The kind person who came upon this sad scene rushed the badly burned pup to the Pennsylvania SPCA. Shelter intake staff quickly named the pup Hercules after the hero in Greek mythology for his extraordinary strength.
"We hoped by giving him a big, strong name, that he would pull through," Angela DeVito, then operations manager at the PSPCA recalled.
Angela immediately contacted rescue partner, Animal Alliance in N.J., knowing that the level of care Hercules needed, as well as the expense, was beyond the reach of the shelter. Anne Trinkle, executive director of Animal Alliance took the call.
"My heart dropped to my feet when I heard about Hercules," Anne recalled. "We knew his chances of survival were slim, but we wanted to give him a fighting chance."
Guardianship of Hercules was transferred to Animal Alliance and he was transported to Crown Veterinary Specialists, a 24-hour veterinary center in New Jersey, for specialized treatment. The emergency veterinarian who treated Hercules on intake, Dr. Amy Zahn, recalled her horror, "In my entire career, I never saw such extensive burns. I was not optimistic, but our team gathered round Hercules and we gave it our all. When he survived the first night, we knew he was going to fight along with us – he wanted to live."
Extensive second and third degree burns put him at risk for life-threatening infections. His burned skin shrunk and was so tight it restricted normal movement. Skin grafting material for human burn victims was donated for emergency use. Happily, the skin graft took and his legs regained full range of motion.

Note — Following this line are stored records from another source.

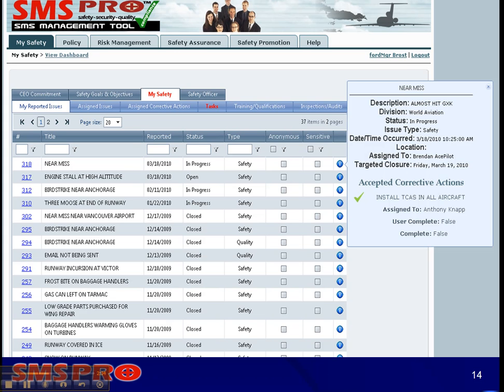Users can conduct inspections and audits on the Audit Inspections tab. During the inspection, users can submit findings, concerns, or submit issues based on their observations. These issues are then managed using SMS Pro's issue management functionality.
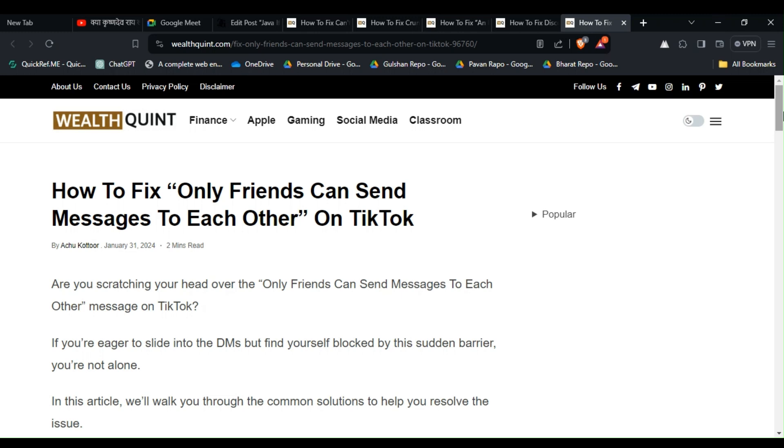Hello everyone, welcome back to our YouTube channel. In today's video, I'm going to show you how to fix 'Only Friends Can Send Messages to Each Other' on TikTok. Are you scratching your head over the 'Only Friends Can Send Messages to Each Other' message on TikTok? If you're eager to slide into the DMs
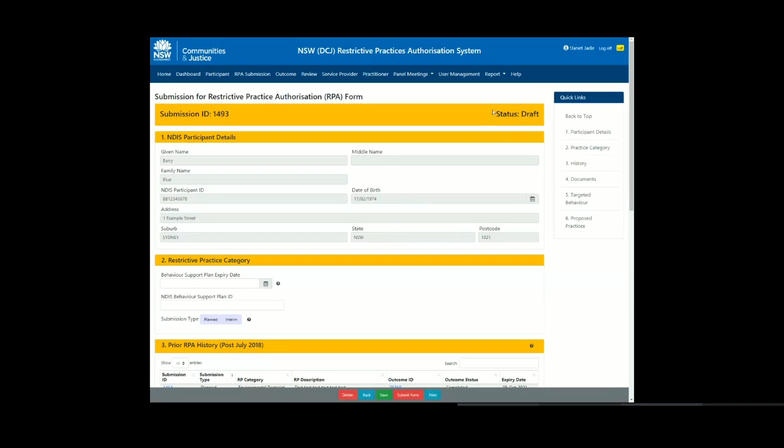Please note that you can navigate through the different sections of the submission by clicking on the relevant sections in the floating menu bar on the right-hand side of the page.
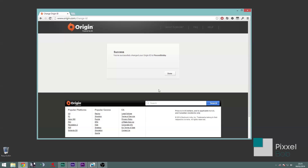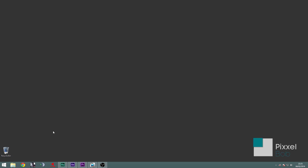That's it. Congratulations, your ID's now changed. Thanks for watching. See you next time.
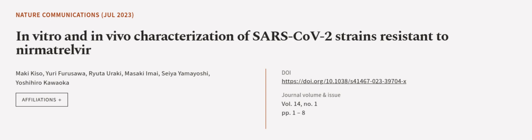This article was authored by Moki Kizo, Yui Furusawa, Ryuta Yuraki, and others.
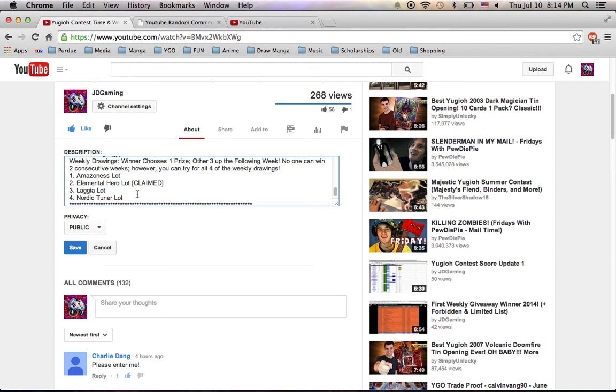So thanks, everybody, for participating in this second round of giveaway. I will be giving the second leaderboard update in the next couple days as well, so make sure you stay tuned for that. Hope you guys enjoyed. This is JD Gaming, and I'll see you guys next time.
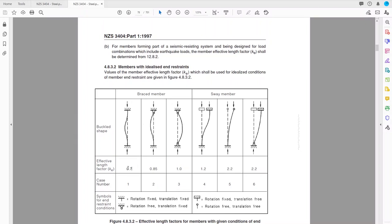The pin-pin braced case is the default — it should look familiar from our Euler buckling derivation. For sway members, k_e is always greater than one, increasing the effective length. Since slenderness is L_e over r, a longer effective length means a more slender member, which has lower capacity to resist buckling. So sway systems effectively decrease our compression capacity.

The story of Hercules' survival made local headlines on social media and TV. Many people inquired about adopting him but were put off by his massive, body-wide scarring.
In the end, it turned out that Dr. Zahn, the vet who saved his life, had been thinking all along about making Hercules a part of her family. She and her husband had one easygoing dog, Andy, and two young children, Aidan and Elka.
"I worried that he would have residual mental trauma," she said. "I wanted to show him the love of a family."
She brought Hercules home for an audition with the family, and he and Andy hit it off. That sealed the deal. Hercules was home!
Little Elka fell in fast love with Hercules. He sleeps in her room, she sings and reads to him. The scars on his body are prominent, and as Dr. Zahn predicted, he has some fearful behaviors.
Seeing Hercules and Elka together, her arms around his neck, face snuggled next to his heavily scarred body, the love between child and dog is evident. Most importantly, she doesn't see his scars, and he doesn't feel them anymore.